- Problem statement: Reproduce all the lines below exactly and omit the images.

- Given data:
----

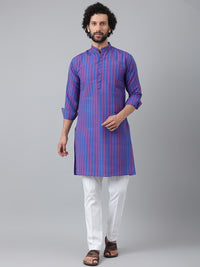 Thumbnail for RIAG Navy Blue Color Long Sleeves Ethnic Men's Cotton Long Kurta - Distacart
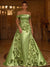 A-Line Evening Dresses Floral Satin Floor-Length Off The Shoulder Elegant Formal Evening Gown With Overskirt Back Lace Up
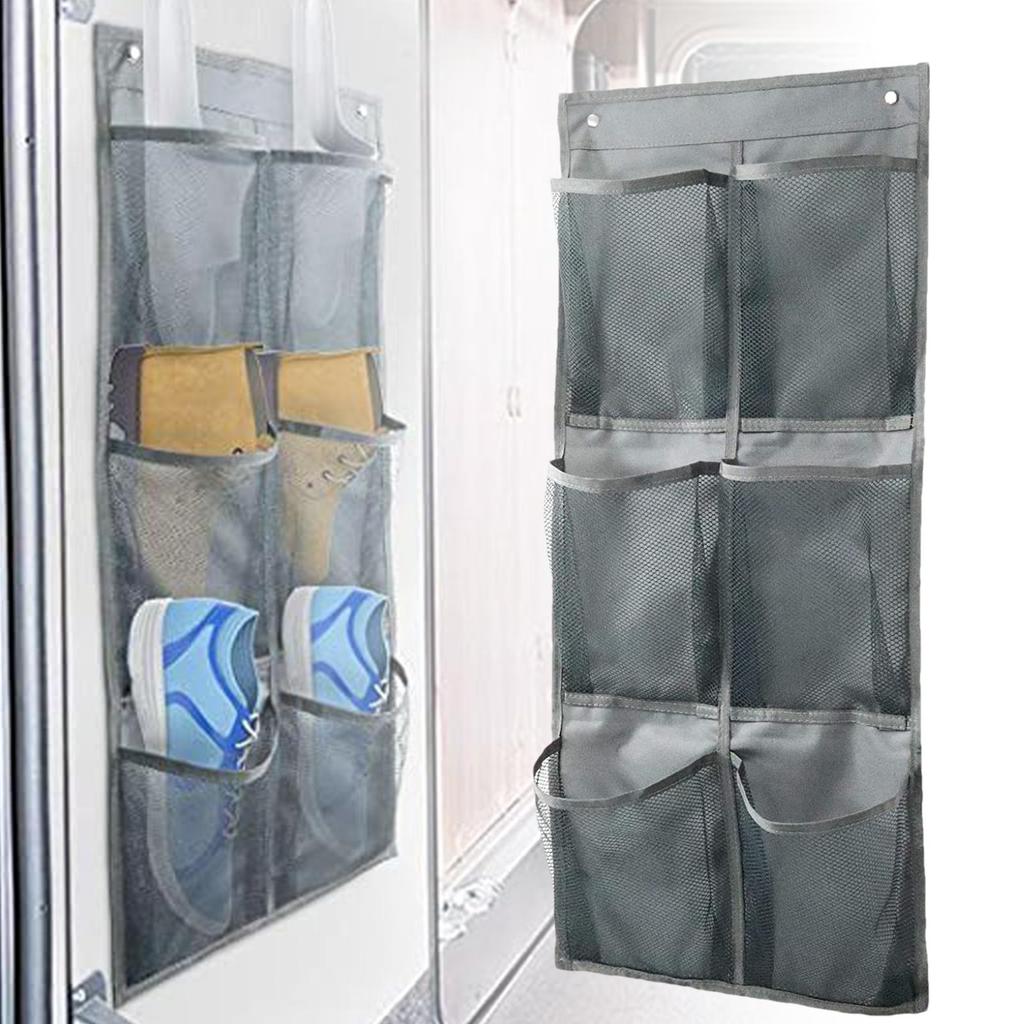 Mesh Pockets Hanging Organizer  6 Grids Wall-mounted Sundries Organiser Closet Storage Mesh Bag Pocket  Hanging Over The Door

----

- The answer:
 Thumbnail for RIAG Navy Blue Color Long Sleeves Ethnic Men's Cotton Long Kurta - Distacart
 A-Line Evening Dresses Floral Satin Floor-Length Off The Shoulder Elegant Formal Evening Gown With Overskirt Back Lace Up
 Mesh Pockets Hanging Organizer  6 Grids Wall-mounted Sundries Organiser Closet Storage Mesh Bag Pocket  Hanging Over The Door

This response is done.